No pick, no problem?

WALTHAM, Mass. -- Some of the draft hopefuls that hit the floor at the Boston Celtics' training facility enter in awe of the banners and the history they represent. For Missouri guard Phil Pressey, it was old hat.

Dak Dillon/US Presswire

Phil Pressey is one draft hopeful trying to make an impression on the Celtics.Pressey's father, Paul, served as an assistant coach on Doc Rivers' staff in Boston from 2004-2006 (then spent a year as an advance scout for the team). A teenage Pressey was a familiar presence in the Waltham gym, whether it was shadowing his dad (and getting up shots with Rivers' kids) or practicing with former Celtics player personnel boss Leo Papile's BABC squad (one of the region's most decorated AAU squads).

"It’s crazy, most of these coaches were here when my dad was here," Pressey said after a six-player workout on Saturday. "So it’s like they saw me when I was in the 8th grade, 9th grade. It feels the exact same way when I got here. I don’t feel like anything has changed much."

Well, one thing's changed: Pressey is about to embark on his pro career and is hoping to catch the eye of a team like the Celtics. Boston worked out 12 players -- heavy on ball-handlers and centers -- over two days last week, many of which -- like Pressey -- are pegged as second-round picks at best.

Boston previously owned two second-round selections (they turned out to be Nos. 39 and 45), but traded both to Portland last summer as part of a three-way sign-and-trade deal that delivered Courtney Lee. At the moment, the team only holds its first-round pick, No. 16 overall, in this year's draft.

So why bring in at least six guys that are pegged to potentially not even hear their named called on draft night? It might just be due diligence, but Boston could also manufacture a second-round pick by swooping up a player that slides through the cracks and giving that person a chance to earn a job at training camp.

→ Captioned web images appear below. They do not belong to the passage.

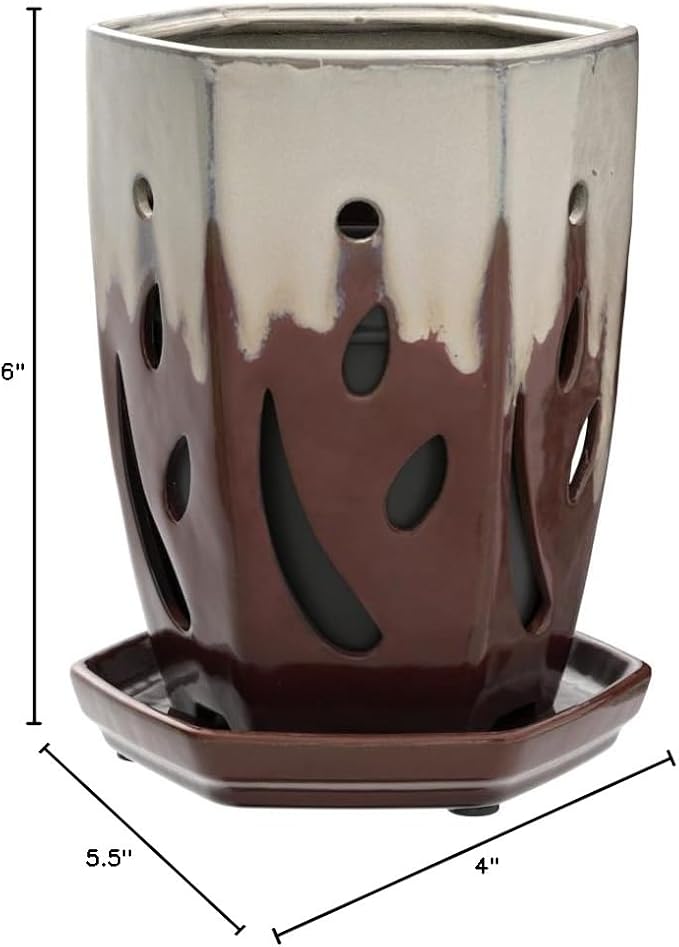 rePotme 4 x 6 inch Ceramic Orchid Pot (Cream Over Garnet) - Hexagon Orchid Pot with Holes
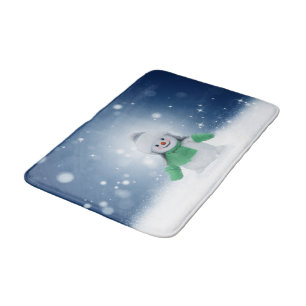 Alfombrilla De Baño El adorable personaje de muñeco de nieve de Navida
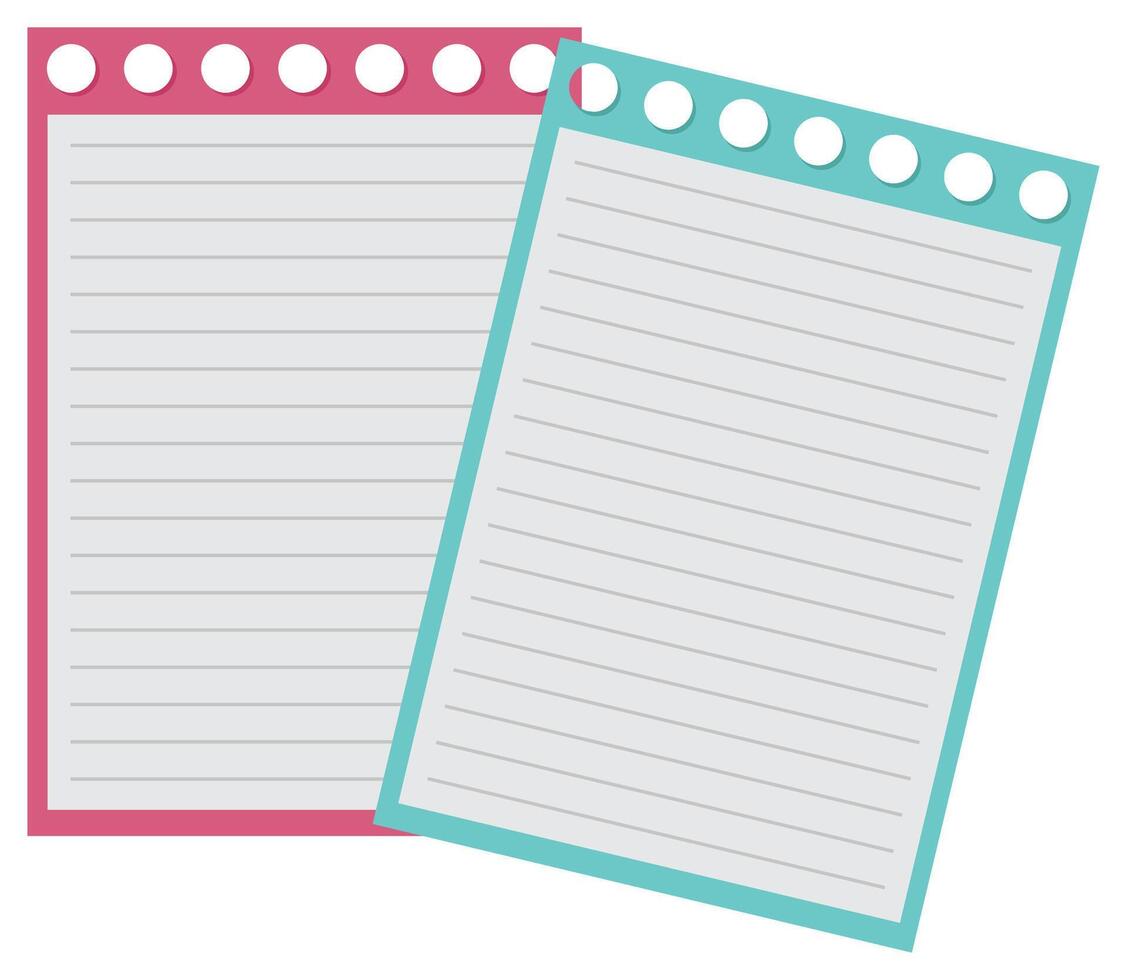 Paper notes flat illustration isolated on white background. vector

The Celtics auditioned six players that were ranked 42nd or lower on ESPN.com's Top 100 board in Colorado State's Colton Iverson (42), Pressey (47), Texas' Myck Kabongo (49), Marquette's Vander Blue (68), Louisville's Peyton Siva (72), and Creighton's Gregory Echenique (not ranked).

Guys like Pressey and Siva are undersized guards with pass-first reputations. If the 2012-13 season showed anything, it's that the Celtics could use some backup ball-handling depth at the end of their roster. And while Boston is more likely to lean on a veteran body in that sort of role if it could find someone at the minimum price tag, it wouldn't be the worst idea to stash a ball-handler at the back of the roster to learn from a healthy Rajon Rondo (particularly with the uncertainty surrounding Terrence Williams as his legal issues play out).

As for Pressey, he made a somewhat curious decision to declare for the draft after his junior season, but said he's ready to start his pro career.

"Going into college, I wanted to break records. And I broke a lot records at the university of Missouri," he said. "The only thing I didn’t do that I wanted to do was win a national championship. I felt like my game was ready to come to the next level. I felt like another year in college wouldn’t help me. It would’ve done me justice, but not that much. My best move was for me to declare.

"People have just been telling me -- coaches and scouts -- to be who I am. That’s a playmaker, passer as point guard. Create for other people; don’t worry about scoring. If I can bring that to a team, that’s what I’m going to do. I’m going to do whatever a team needs me to do. Like I said, they just told me to playmake and pass. That’s my strength. I’m going to use that to my advantage."

Guys like Pressey hope these workouts -- even if they don't always play to the strength of point guards -- can show what their highlight reels don't make obvious, and that maybe some of their intangibles will shine through with a chance to shake hands with the talent evaluators and decision-makers they meet along the way.

One thing was clear with Pressey, he wasn't nervous on Saturday. Confidence has never been an issue for him and he certainly wasn't overwhelmed by his surroundings in the Boston practice gym. No, he felt right at home his entire trip.

"When I came into Waltham, I had to go to Bertucci’s," said Pressey. "That’s my spot right there. I had to hit that spot up. It feels like I came back home. It feels the same to me."